Often people don’t save and plan for their retirement, assuming that when the time comes, employer benefits will be enough. However, they will not cover all your retirement needs.
Retirement stirs in as a mixed bag of emotions. From happiness to anxiety, we experience it all. Free from work responsibilities and free to do what we have always aspired to, we have finally reached the Shangri-La stage in life. Simultaneously, we are burdened with questions like have we saved enough to get through the remainder of our lives with no steady income, how do we protect our money and whom do we trust for financial advice. It is easy to get overwhelmed with these worries, and one of the ways to be confident about the future is to avoid these 10 mistakes when planning your retirement.
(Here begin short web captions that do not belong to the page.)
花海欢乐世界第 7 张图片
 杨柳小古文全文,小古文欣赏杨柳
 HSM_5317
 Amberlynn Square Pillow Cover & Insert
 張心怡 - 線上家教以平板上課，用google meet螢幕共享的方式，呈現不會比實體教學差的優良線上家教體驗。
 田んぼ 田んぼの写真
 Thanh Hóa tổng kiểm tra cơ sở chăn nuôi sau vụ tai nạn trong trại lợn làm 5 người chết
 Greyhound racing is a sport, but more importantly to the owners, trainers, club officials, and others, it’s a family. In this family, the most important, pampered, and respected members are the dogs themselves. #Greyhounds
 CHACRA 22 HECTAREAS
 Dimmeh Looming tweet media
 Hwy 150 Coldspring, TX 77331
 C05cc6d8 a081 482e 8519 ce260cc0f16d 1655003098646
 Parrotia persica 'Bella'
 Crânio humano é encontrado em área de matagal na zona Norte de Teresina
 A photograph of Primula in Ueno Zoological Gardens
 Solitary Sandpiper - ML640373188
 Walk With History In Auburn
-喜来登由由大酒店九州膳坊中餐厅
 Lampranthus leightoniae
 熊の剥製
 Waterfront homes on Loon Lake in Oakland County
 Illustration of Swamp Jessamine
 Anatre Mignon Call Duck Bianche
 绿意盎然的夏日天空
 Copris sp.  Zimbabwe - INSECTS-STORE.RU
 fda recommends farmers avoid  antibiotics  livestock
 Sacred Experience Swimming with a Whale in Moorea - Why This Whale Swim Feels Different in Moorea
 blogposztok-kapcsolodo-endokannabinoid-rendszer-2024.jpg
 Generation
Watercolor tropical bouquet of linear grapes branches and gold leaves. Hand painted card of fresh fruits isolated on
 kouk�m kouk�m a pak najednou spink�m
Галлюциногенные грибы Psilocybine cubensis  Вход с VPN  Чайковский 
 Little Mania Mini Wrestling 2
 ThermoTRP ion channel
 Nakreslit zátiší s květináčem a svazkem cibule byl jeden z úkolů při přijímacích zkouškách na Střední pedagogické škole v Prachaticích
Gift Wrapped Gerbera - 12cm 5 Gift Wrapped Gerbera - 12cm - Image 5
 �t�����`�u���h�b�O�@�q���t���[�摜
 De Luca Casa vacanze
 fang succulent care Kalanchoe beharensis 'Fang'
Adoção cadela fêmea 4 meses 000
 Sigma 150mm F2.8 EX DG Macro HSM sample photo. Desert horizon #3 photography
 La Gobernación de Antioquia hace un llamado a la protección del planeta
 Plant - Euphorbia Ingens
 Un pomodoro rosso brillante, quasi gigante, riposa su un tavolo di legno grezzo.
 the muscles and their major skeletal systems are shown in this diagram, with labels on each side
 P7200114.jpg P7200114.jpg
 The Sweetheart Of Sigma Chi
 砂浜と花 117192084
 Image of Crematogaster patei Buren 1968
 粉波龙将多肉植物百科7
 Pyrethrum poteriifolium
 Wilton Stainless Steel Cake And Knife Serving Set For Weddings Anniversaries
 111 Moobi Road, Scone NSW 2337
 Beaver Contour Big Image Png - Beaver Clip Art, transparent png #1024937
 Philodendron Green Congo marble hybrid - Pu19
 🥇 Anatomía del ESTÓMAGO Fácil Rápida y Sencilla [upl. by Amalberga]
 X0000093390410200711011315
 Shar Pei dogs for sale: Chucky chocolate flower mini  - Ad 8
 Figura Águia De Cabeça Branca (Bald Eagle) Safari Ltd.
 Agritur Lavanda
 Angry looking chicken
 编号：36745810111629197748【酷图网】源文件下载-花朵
1. Not saving for your Retirement at all
Often people don’t end up saving for their retirement, assuming that when the time comes, employer benefits like PPF and insurance will be enough. However, they will not cover all your retirement needs. You need to be proactive and plan for your own retirement. Even saving a small portion of your income adds up and contributes to your retirement corpus.
2. Not saving enough for your Retirement
Across your lifespan, if you prioritize today’s wants over tomorrow’s needs, you may not end up saving enough. Every year set aside 25% of your gross income towards your retirement. Although this may not seem like a lot initially, as your career advances, the amount adds up substantially.
3. Saving without a Plan
One of the biggest investment mistakes is saving without an investment plan. Earmark retirement as a goal separate from your other financial goals. Work with a financial advisor who will craft a goal-based plan which will help you live comfortably now and in the future.
4. Starting to save too late
Delaying saving for your retirement is another common mistake. We spend the first few years providing for dependents and taking care of our immediate needs. However, it is imperative to start saving for your retirement as early as your first job to ensure the returns are maximized. The compounding power of your investments will help you retire with a comfortable corpus.
5. Living burdened with Debt
Being in debt when there is no steady income is a serious concern. Live within your means and take loans for basic necessities such as a home loan. Ensure that your EMIs are structured in a manner that you pay off your loans and be debt free before you retire.
6. Investing in Debt at a younger age
When you are younger, you can afford to take on more risk. It is advisable to invest more in equity than debt at the start of your career and progressively move to debt as you near retirement. Investing in debt at a younger age would imply several interest payments from the get-go, without having a profitable investment build-up.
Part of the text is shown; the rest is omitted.